In February 2005, three months before the French referendum on the constitutional treaty, I went to some of the first public information meetings on the stakes of the vote to come. One was organised by a local pro-European association, one by a local Member of the French parliament. At that time, the polls predicted a boring campaign with a positive vote by a bored electorate.

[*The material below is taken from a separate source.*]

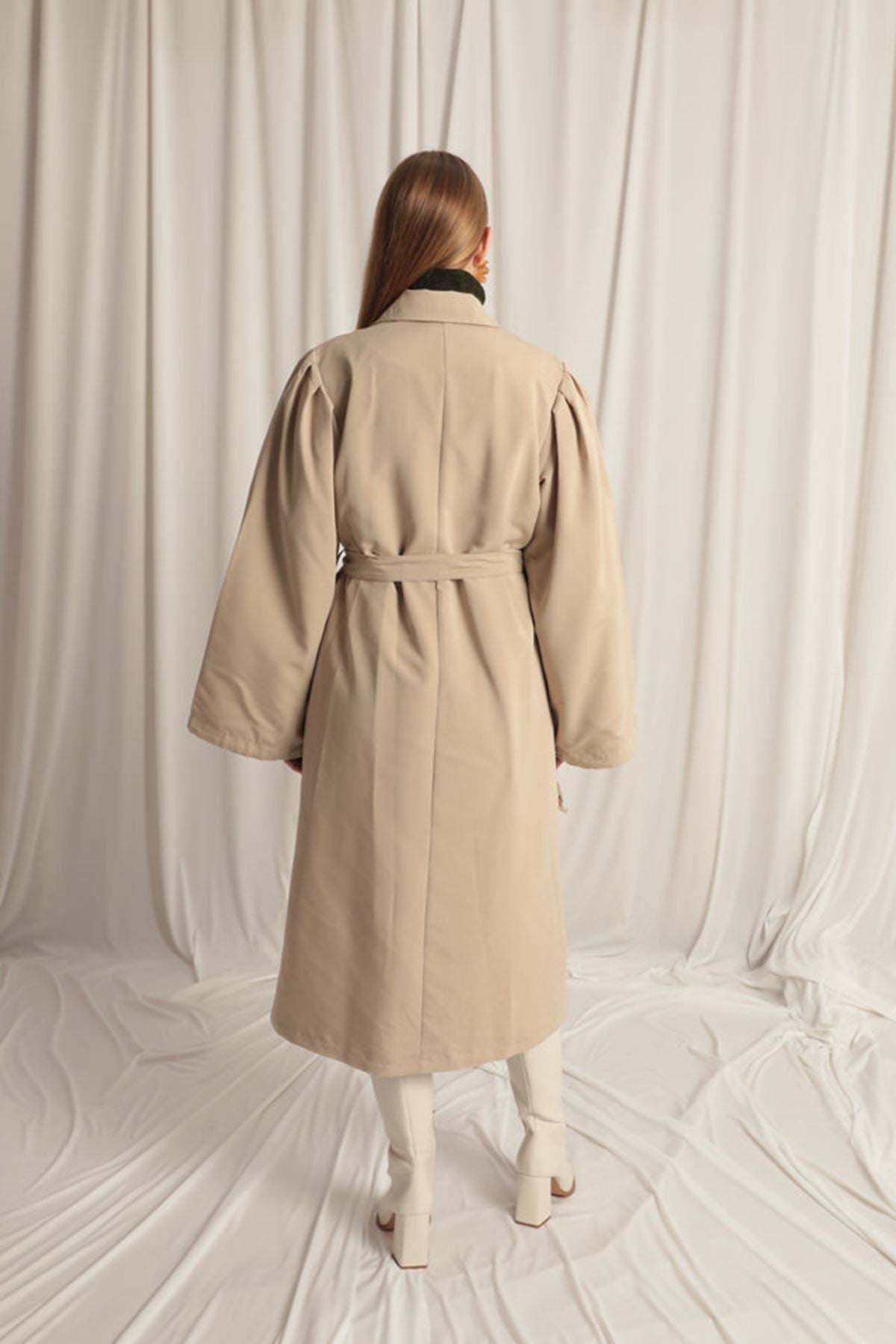 Woven Fabric Liquid Proof Women's Stone Trench Coat - trendynow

When I came home in the evening I told my wife that whatever she had read in the papers, there was no way of stopping the negative dynamic I had seen in action during these meetings. There was such an amount of accumulated anger, not specifically targeted at the Chirac government, but directly at the European Union, such a deep sense of expropriation of the European project, such a profound disappointment with the EU, that the pro-European organisers of the meetings went quickly out of arguments. Especially as they were only lukewarm themselves about the Treaty. All this disenchantment was sometimes inarticulate, sometimes (in the case of local ATTAC activists, for instance) very well prepared to argue aggressively about details and figures. In both cases, it was sincere and it was based on emotions – on a kind of helpless bitterness and indignation respectively.
I am reminded of these emotions when following the Scottish referendum campaign. For several months, a pragmatic, albeit not enthusiastic ‘NO’ to independence has been considered the inevitable outcome, and now, with only a good week to go before the vote, everybody seems surprised of the momentum of the ‘YES’ campaign.
Having experienced the French 2005 referendum from inside, I’m not. Referendum campaigns, when touching on national identity issues, inevitably reach a tipping-point after which the debate is dominated by irrational and emotional shortcuts. At best, they end up in a certain confusion about the multiple implications of a binary vote to a simplistic question. At worst, they produce a hysterical escalation of wild statements and misinformation from both sides. In both cases, a very large number of voters ends up deciding according to gut feeling, i.e. emotional cues.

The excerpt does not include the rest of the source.